Все остальное, включая вездесущую коррупцию, нищету, олигархов и насилие ОМОНа, — следствие режима произвола. Важно помнить, что столетие назад, когда столичная оппозиция объяснила это людям во всех концах страны, лозунг «Нет произволу самодержавия!» сработал — и Россия, пусть на исторический миг, действительно почувствовала себя ОДНОЙ страной. И победила. В исторических анналах эта победа осталась под именем революции 1905 года.
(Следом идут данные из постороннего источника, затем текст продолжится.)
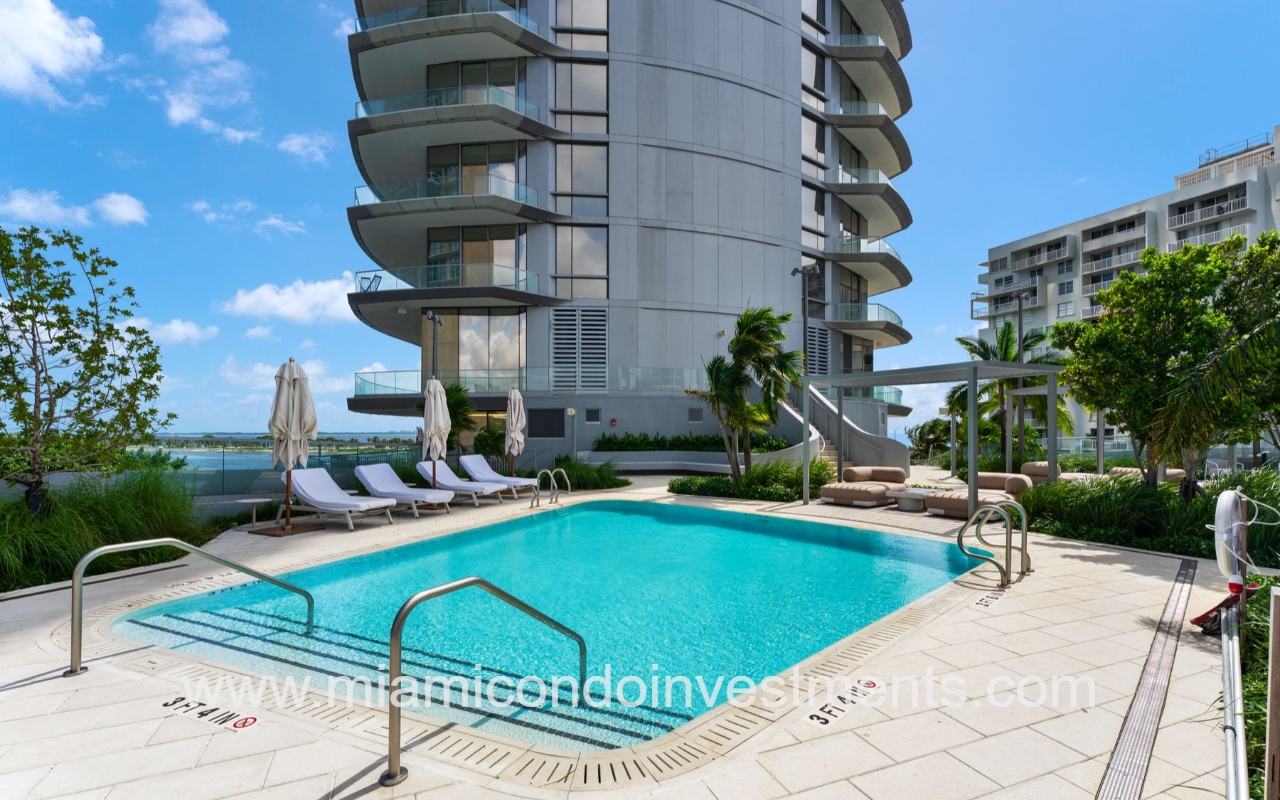 UNA Residences drone facing lower condominium building outdoor pool and pool area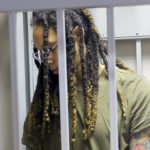 
              WNBA star and two-time Olympic gold medalist Brittney Griner stands behind bars in  a courtroom prior to a hearing in Khimki just outside Moscow, Russia, Tuesday, Aug. 2, 2022. Since Brittney Griner last appeared in her trial for cannabis possession, the question of her fate expanded from a tiny and cramped courtroom on Moscow's outskirts to the highest level of Russia-US diplomacy. (Evgenia Novozhenina/Pool Photo via AP)
            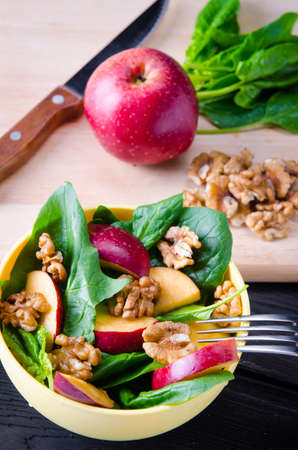 Spinach salad with nuts and apples served on tableの写真素材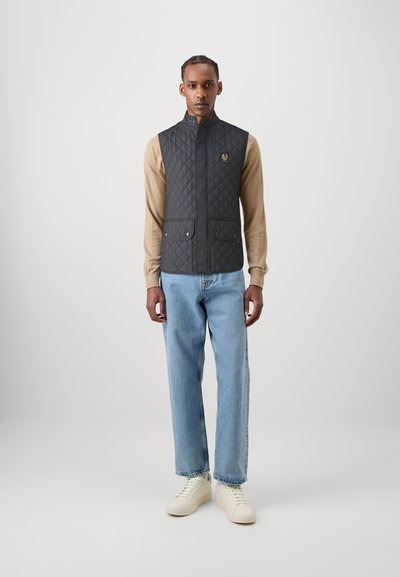 Gilet matelassé gris foncé avec col haut, doté de deux poches avant et d'un emblème de logo, porté sur une chemise beige à manches longues et un jean bleu.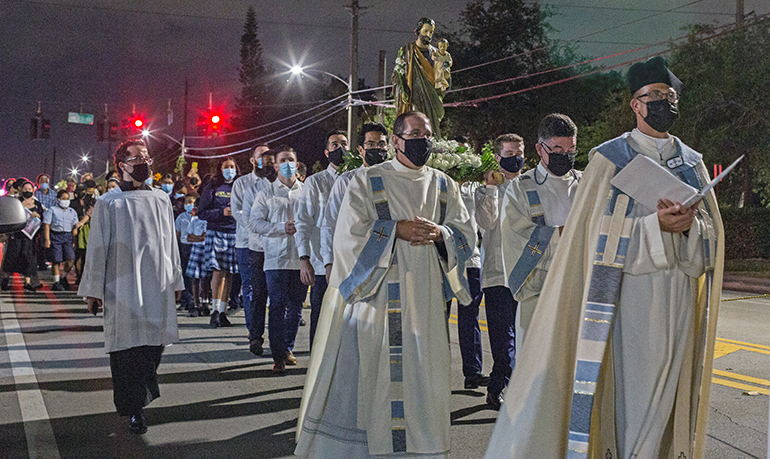 Father Christopher Marino, rector of St. Mary Cathedral, leads the procession with the statue of St. Joseph through the streets surrounding the church to mark the Year of St. Joseph on his feast day, March 19, 2021.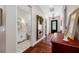 Hallway with hardwood floors, decorative mirror, and a glimpse of a bathroom featuring a vanity and patterned floors at 18202 Abbey Ln, Lutz, FL 33548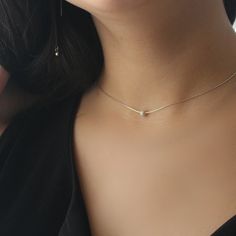 "A stunning yet simple necklace made of 925 sterling silver chain set with a sterling silver bead pendant. Wear this piece as a single necklace for your everyday look or layer it with other gold necklaces for a statement elegant look. Feel free to contact me for details & options. Available also in gold: ♥https://fanyv88.com:443/https/www.etsy.com/il-en/listing/628526854/minimal-14k-gold-filled-stardust-bead You can attach it with another layered necklace: ♥https://fanyv88.com:443/https/www.etsy.com/il-en/listing/642368515/sterling-si Minimal Choker, Diamond Infinity Necklace, Single Necklace, Bamboo Hoop Earrings, Dot Necklace, Sea Glass Bracelet, Bead Choker, Necklace Clasps, Silver Jewelry Necklace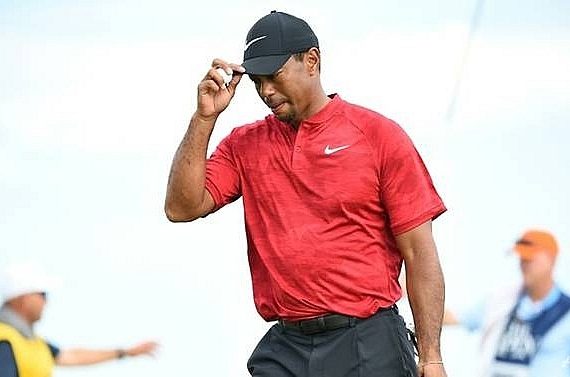 tiger-mcilroy-dang-co-gang-vuon-len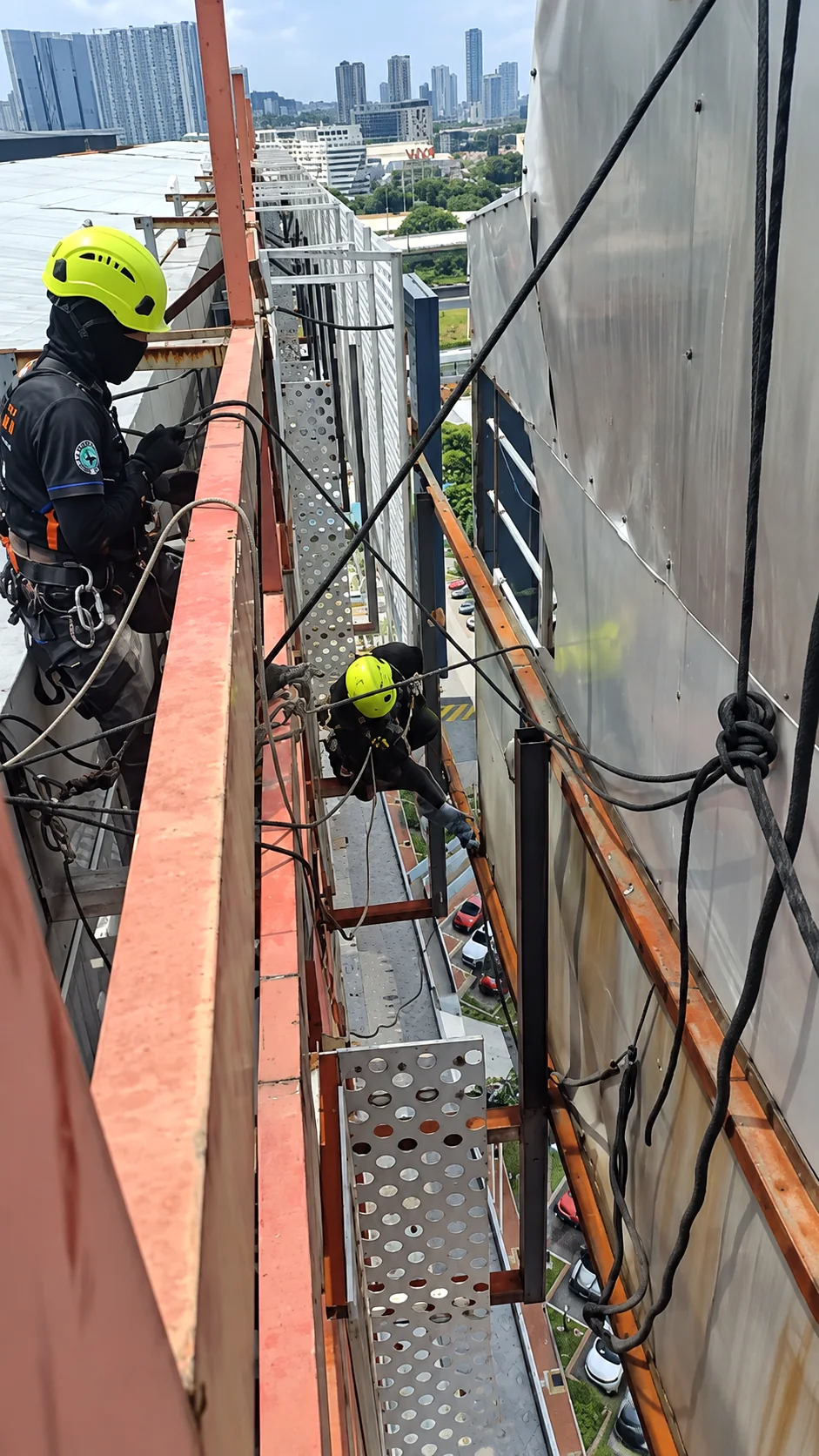 High-rise signboard cleaning using rope access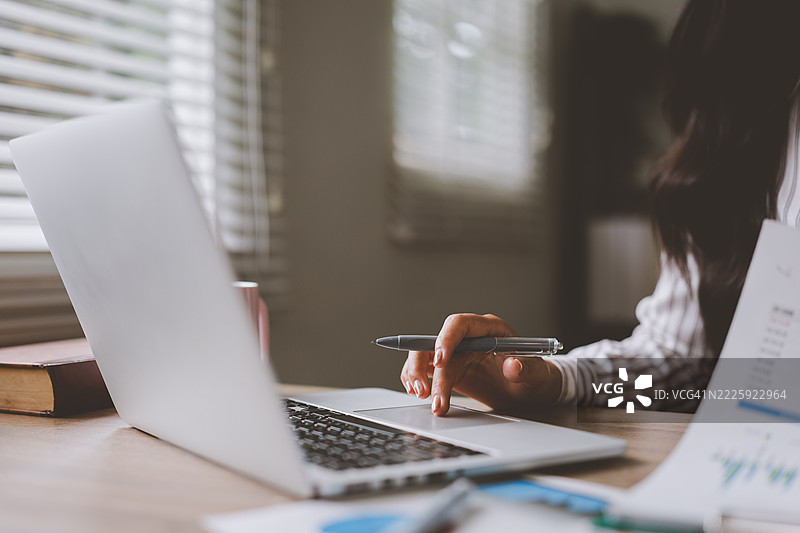 在家工作的女商人使用笔记本电脑分析图表图片素材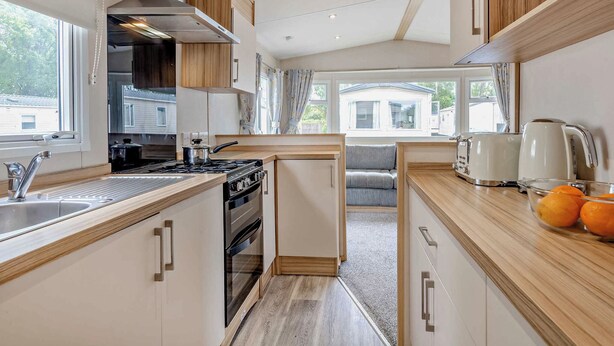 A modern kitchen with a stove, sink, and a view of the outside. - Bronze 2 Bedroom Caravan, Sleeps 6. With parking (Great Yarmouth)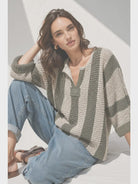 Loose, slouchy fit with a cropped length, V-neckline, 3/4 sleeves, vertical stripe design, and solid front and back patch detailing.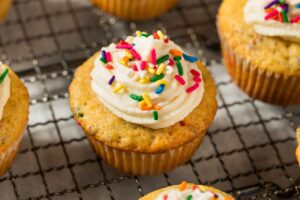 A vanilla cupcake with white frosting and colorful sprinkles.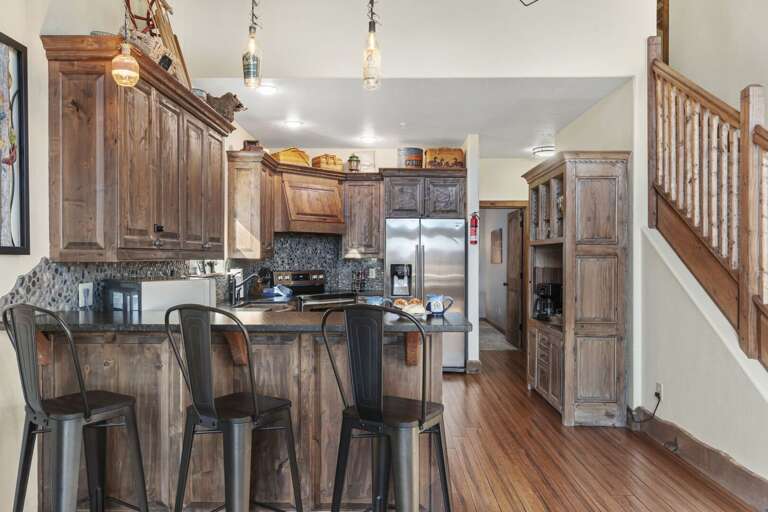 Residential Kitchen With Wooden Cabinets And Bar Stools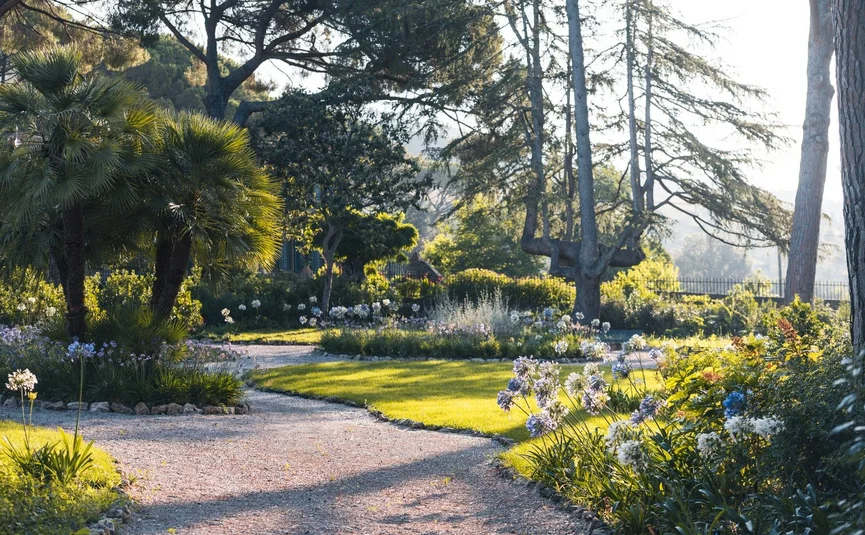 Tenuta Il Cicalino © Tenuta il Cicalino Weg durch blühenden Garten mit Bäumen und Sonnenlicht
Да, победа тогда была неполной. Политическая элита страны по-прежнему была очарована Русской идеей, Босфор и военное «величие России» по-прежнему не давали ей спать, и царь как Верховный главнокомандующий позволил втянуть страну в роковую для нее войну. Но этотурок сегодняшняя оппозиция, думаю, хорошо выучила. И когда в следующий раз настанет для нее решающий час, условно говоря, час Февраля 1917-го, она не даст обмануть себя снова. Тем более что Путин уже сейчас вынужден делать все что может, чтобы скомпрометировать Русскую идею. Именно неудавшаяся революция 2011-го вынудила его так усердно работать на то, чтобы предотвратить возможные будущие ошибки оппозиции. И все равно без декабристского лозунга «Нет произволу!», единственно способного воссоединить страну, в следующий раз не обойтись.
* * *
Бен Джуда заканчивает главу «Декабристы» цитатой из разговора со своим героем Навальным: «Каждый раз, когда меня арестовывают, я спрашиваю у полицейских, почему вы это делаете? Разве вы не знаете, что Путин — вор? И каждый раз получаю один и тот же ответ: “Никогда лучше не будет, брат. Никогда лучше не будет…” Он пожимает плечами: “Так люди думают”».
Навальный прав, конечно, так люди в России думают, особенно в эпоху реакции. Но прав он лишь отчасти. Люди думают так еще и потому, что оппозиционная Москва в свое время мало что сделала, чтобы хоть часть из них думала иначе.